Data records
____

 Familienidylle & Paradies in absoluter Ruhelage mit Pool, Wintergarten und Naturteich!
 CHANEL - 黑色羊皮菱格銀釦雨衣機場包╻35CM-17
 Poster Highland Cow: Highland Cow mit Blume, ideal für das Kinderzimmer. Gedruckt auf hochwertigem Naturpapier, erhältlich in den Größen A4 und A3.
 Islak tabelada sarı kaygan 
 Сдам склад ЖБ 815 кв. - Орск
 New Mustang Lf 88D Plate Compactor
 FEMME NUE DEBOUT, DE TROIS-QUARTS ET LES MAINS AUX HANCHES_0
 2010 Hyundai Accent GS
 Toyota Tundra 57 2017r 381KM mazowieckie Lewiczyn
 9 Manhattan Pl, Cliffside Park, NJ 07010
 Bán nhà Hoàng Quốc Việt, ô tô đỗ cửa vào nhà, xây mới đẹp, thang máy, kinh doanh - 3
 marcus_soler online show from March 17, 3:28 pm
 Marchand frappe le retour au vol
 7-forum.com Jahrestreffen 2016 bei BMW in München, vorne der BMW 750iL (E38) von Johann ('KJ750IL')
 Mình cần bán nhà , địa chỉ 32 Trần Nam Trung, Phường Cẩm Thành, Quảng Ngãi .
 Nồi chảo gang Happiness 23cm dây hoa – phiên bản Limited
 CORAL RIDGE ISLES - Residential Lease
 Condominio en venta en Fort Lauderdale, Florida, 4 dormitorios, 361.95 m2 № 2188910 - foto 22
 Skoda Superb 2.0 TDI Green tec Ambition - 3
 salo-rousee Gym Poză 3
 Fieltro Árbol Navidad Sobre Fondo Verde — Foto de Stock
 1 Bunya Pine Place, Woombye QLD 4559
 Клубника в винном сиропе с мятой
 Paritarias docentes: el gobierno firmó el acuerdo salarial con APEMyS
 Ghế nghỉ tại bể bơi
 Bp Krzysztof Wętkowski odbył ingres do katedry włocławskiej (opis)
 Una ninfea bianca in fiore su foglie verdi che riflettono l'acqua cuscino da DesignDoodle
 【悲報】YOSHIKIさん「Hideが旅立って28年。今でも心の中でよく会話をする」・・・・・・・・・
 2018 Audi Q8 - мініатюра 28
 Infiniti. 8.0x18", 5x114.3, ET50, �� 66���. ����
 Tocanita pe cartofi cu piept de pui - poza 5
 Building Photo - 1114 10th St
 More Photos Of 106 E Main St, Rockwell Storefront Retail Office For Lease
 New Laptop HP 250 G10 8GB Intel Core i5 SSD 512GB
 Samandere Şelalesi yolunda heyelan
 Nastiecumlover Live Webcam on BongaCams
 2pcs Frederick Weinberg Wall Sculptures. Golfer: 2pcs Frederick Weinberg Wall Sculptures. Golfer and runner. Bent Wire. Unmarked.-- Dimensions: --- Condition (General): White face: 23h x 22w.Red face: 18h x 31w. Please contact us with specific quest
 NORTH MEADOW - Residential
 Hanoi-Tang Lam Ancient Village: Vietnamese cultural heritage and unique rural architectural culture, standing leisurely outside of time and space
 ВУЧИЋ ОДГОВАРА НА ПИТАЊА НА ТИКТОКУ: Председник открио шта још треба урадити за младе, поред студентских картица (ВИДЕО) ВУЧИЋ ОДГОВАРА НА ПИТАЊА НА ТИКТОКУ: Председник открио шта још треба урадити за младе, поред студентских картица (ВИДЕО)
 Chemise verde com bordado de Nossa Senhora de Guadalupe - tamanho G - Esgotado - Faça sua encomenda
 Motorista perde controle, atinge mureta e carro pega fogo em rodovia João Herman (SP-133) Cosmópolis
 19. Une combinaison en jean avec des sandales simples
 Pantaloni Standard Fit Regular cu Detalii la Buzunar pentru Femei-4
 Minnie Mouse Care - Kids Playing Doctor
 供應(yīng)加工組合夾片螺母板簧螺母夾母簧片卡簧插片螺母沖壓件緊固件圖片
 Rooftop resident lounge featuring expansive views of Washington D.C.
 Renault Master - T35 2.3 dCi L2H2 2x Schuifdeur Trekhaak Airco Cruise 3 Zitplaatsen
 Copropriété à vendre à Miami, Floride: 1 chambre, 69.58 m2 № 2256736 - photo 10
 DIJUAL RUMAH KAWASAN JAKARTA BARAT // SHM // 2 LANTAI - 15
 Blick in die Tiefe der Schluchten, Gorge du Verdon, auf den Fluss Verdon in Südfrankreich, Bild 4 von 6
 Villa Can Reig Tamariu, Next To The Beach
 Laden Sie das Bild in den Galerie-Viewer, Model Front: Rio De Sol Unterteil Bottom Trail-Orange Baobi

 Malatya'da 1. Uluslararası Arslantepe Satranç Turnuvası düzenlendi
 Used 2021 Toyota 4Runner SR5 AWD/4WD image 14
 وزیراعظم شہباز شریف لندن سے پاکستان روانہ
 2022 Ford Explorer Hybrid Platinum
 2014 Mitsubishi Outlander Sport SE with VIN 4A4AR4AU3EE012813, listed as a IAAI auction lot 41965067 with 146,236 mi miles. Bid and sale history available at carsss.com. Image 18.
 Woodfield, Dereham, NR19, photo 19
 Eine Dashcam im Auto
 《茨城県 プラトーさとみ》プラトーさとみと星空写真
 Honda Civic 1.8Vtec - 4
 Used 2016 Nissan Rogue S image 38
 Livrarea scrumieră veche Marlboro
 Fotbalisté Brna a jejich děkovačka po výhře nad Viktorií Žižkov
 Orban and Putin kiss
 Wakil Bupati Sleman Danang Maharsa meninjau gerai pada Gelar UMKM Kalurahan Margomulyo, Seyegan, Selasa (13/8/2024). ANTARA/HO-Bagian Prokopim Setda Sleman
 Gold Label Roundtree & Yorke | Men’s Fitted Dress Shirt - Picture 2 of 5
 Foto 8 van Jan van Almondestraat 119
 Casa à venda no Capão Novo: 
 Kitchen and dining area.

____

§ PROBLEM DETAILS
Return each line from the data where the string "with" can be found.

§ RESULT BELOW
 2pcs Frederick Weinberg Wall Sculptures. Golfer: 2pcs Frederick Weinberg Wall Sculptures. Golfer and runner. Bent Wire. Unmarked.-- Dimensions: --- Condition (General): White face: 23h x 22w.Red face: 18h x 31w. Please contact us with specific quest
 2014 Mitsubishi Outlander Sport SE with VIN 4A4AR4AU3EE012813, listed as a IAAI auction lot 41965067 with 146,236 mi miles. Bid and sale history available at carsss.com. Image 18.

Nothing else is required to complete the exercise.